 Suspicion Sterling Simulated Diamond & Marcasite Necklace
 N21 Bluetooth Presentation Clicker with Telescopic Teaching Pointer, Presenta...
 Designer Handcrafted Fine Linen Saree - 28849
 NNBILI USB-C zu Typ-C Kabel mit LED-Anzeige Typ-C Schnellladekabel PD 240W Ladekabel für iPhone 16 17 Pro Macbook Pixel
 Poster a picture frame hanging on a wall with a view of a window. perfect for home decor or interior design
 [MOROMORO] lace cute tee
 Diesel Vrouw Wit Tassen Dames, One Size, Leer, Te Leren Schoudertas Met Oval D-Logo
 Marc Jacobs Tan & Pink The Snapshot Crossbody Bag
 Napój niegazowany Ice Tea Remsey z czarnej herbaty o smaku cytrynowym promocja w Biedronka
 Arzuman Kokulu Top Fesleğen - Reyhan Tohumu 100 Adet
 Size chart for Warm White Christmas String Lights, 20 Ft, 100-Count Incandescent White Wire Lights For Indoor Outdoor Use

* * * * * * *

PROBLEM REQUIREMENTS -> Return each line of the records above in which the word "Size" occurs.

EXERCISE ANSWER ->
 Diesel Vrouw Wit Tassen Dames, One Size, Leer, Te Leren Schoudertas Met Oval D-Logo
 Size chart for Warm White Christmas String Lights, 20 Ft, 100-Count Incandescent White Wire Lights For Indoor Outdoor Use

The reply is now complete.